- _DIRECTIONS_:
All records below are to be duplicated exactly, with every picture excluded.

_____

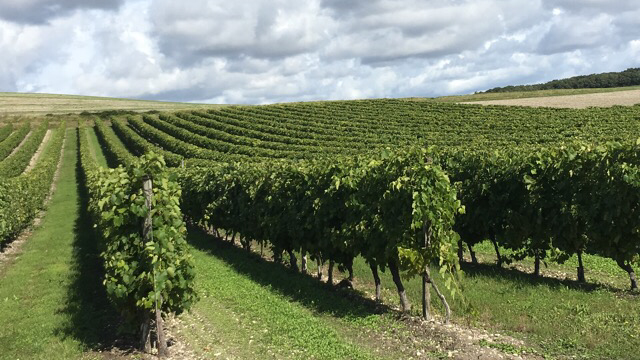 Le Champ Des Vignes - Famille Mossion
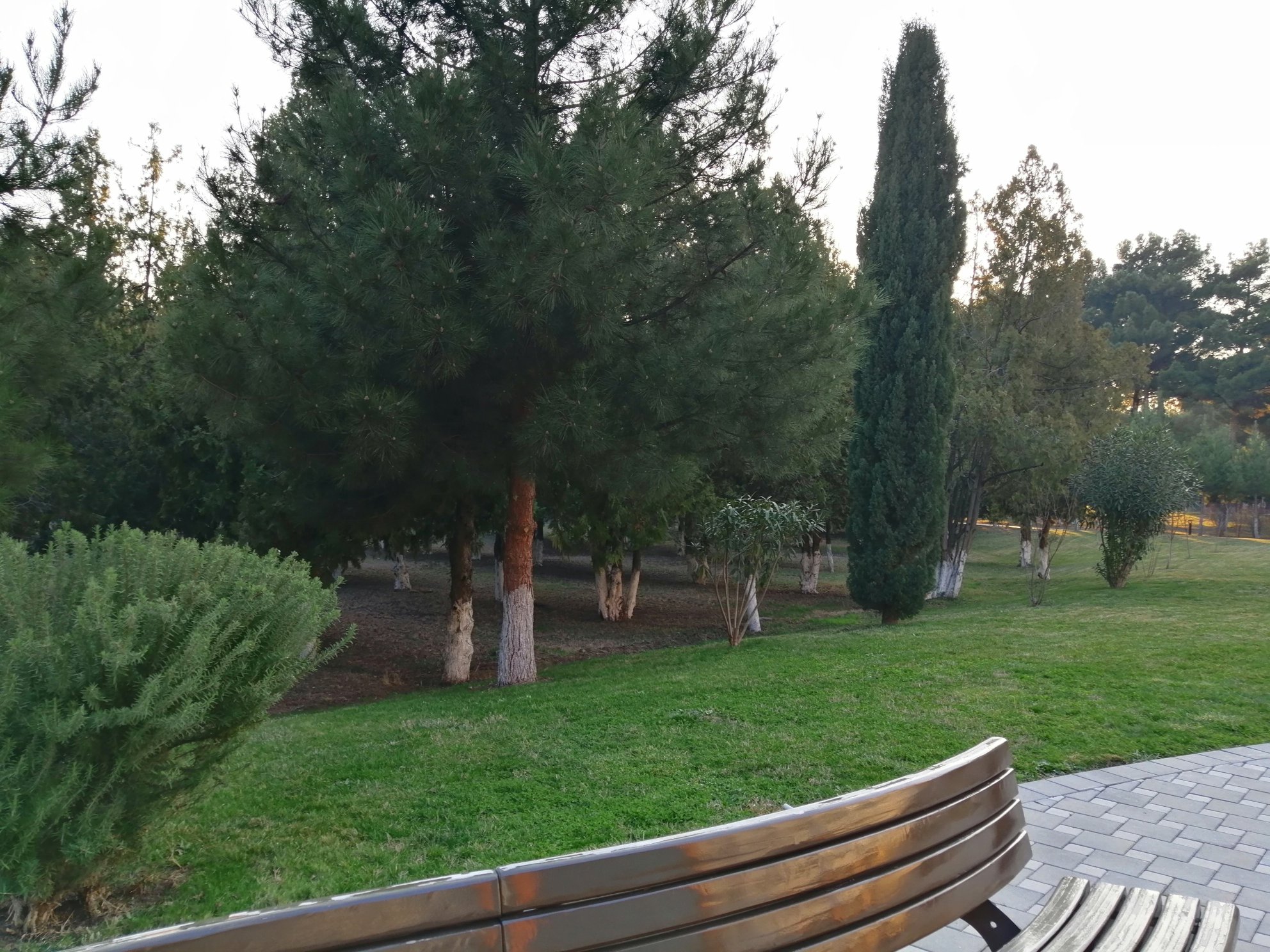 Chinar Hotel & Spa - Naftalan-浴室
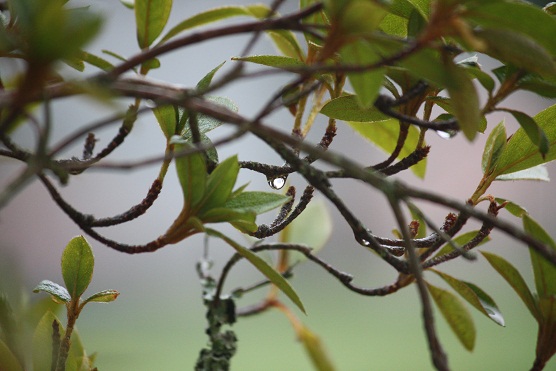 La casa, la empiezo por las flores. Las flores son los sueños de las raíces. No tenía ni ventanas cuando reservé cuatro azaleas arborescentes.Mónica Fernández-Aceytuno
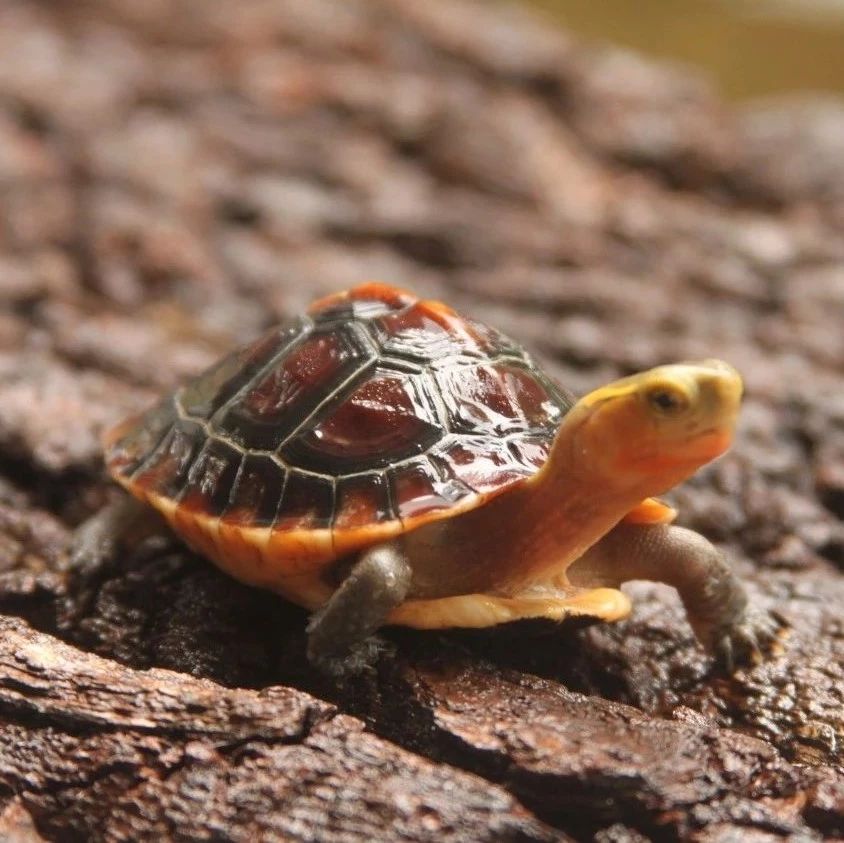 新手养龟如何让龟吃龟粮,新手养龟给乌龟泡什么药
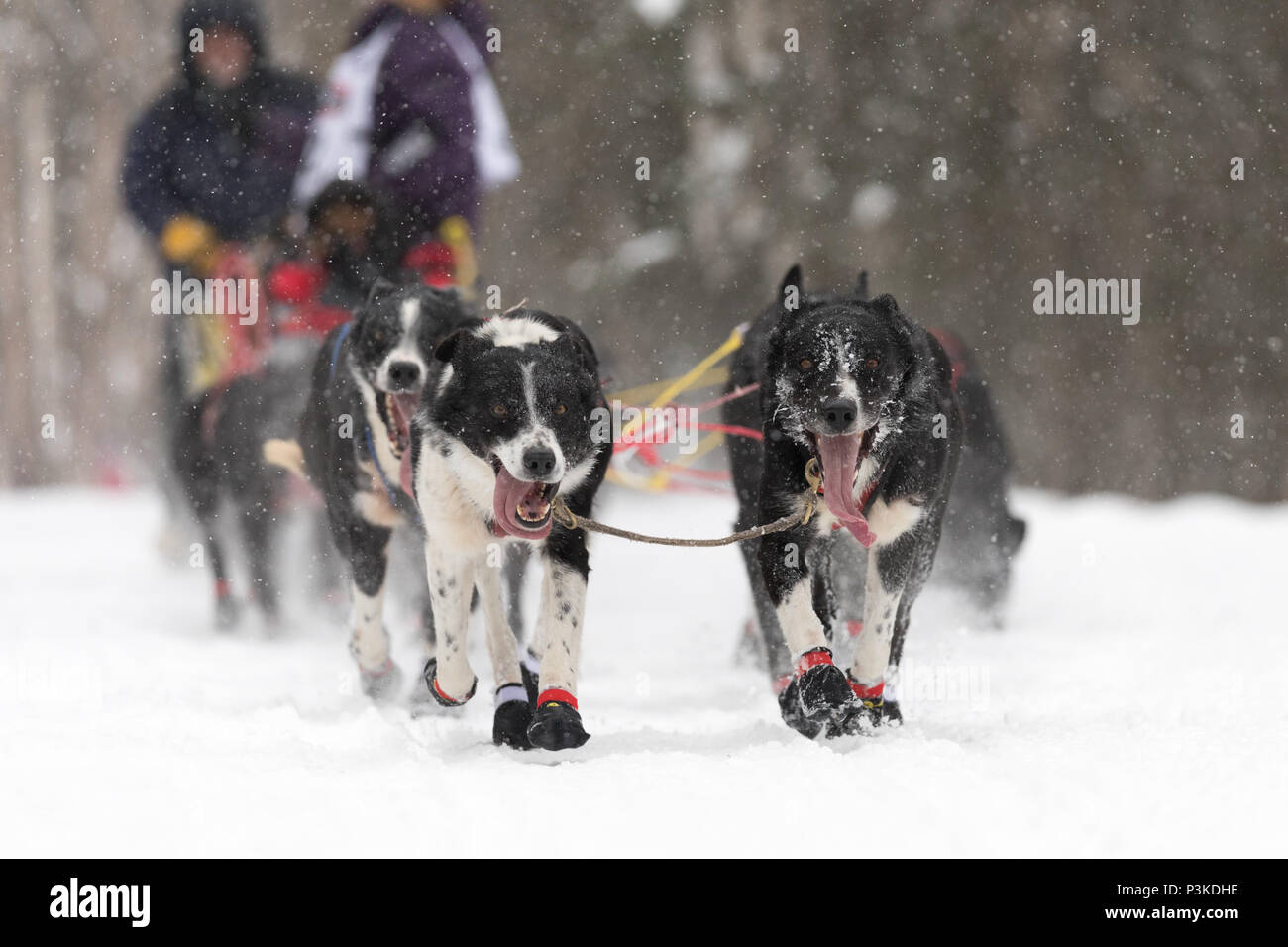 Le foto scattate durante il sentiero Iditarod Sled Dog Race nelle vicinanze Anchorage in Alaska Foto Stock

_____

- _YOUR RESPONSE_:
 Le Champ Des Vignes - Famille Mossion
 Chinar Hotel & Spa - Naftalan-浴室
 La casa, la empiezo por las flores. Las flores son los sueños de las raíces. No tenía ni ventanas cuando reservé cuatro azaleas arborescentes.Mónica Fernández-Aceytuno
 新手养龟如何让龟吃龟粮,新手养龟给乌龟泡什么药
 Le foto scattate durante il sentiero Iditarod Sled Dog Race nelle vicinanze Anchorage in Alaska Foto Stock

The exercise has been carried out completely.